## Material supplied
———

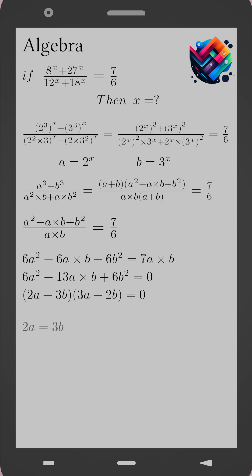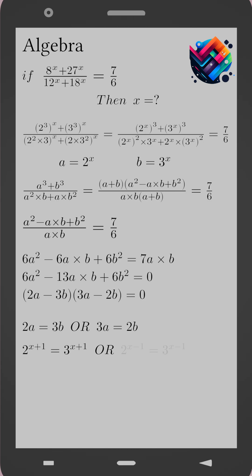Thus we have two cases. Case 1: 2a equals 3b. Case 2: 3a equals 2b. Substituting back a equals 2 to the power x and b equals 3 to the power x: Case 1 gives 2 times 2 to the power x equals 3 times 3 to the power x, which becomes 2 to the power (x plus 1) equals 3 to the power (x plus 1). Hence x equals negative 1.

———

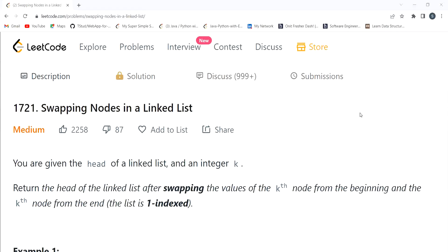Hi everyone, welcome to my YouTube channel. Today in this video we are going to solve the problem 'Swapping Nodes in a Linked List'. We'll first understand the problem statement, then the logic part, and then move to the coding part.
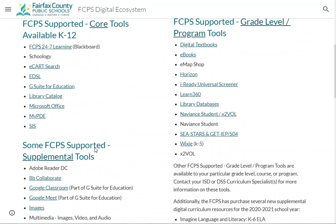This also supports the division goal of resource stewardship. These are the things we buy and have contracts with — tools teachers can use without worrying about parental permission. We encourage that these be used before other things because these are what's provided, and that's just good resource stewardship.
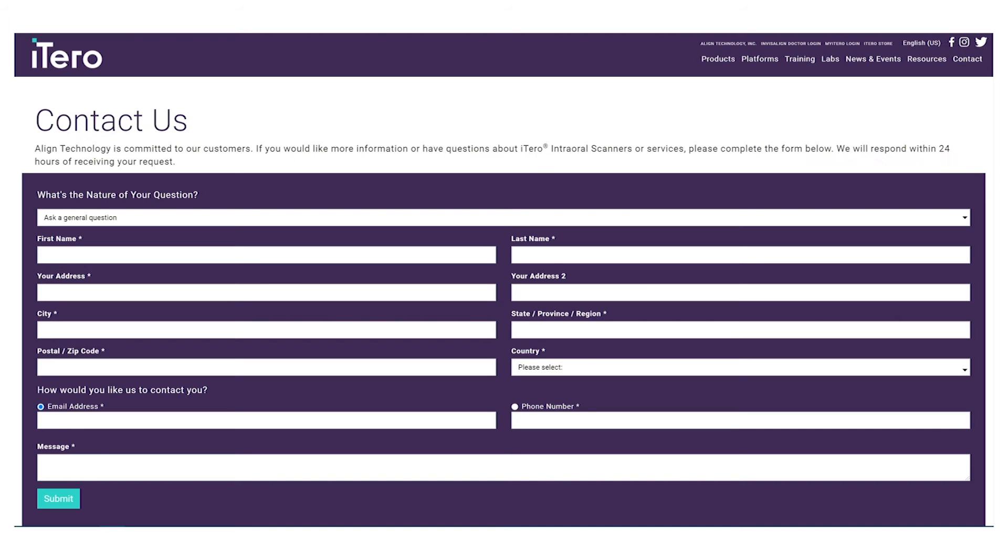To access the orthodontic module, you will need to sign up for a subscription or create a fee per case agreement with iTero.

———

Among the entries above, find the line with "This also supports" and repeat exactly from there through the line with "To access the", leaving out the pictures.

This also supports the division goal of resource stewardship. These are the things we buy and have contracts with — tools teachers can use without worrying about parental permission. We encourage that these be used before other things because these are what's provided, and that's just good resource stewardship.
To access the orthodontic module, you will need to sign up for a subscription or create a fee per case agreement with iTero.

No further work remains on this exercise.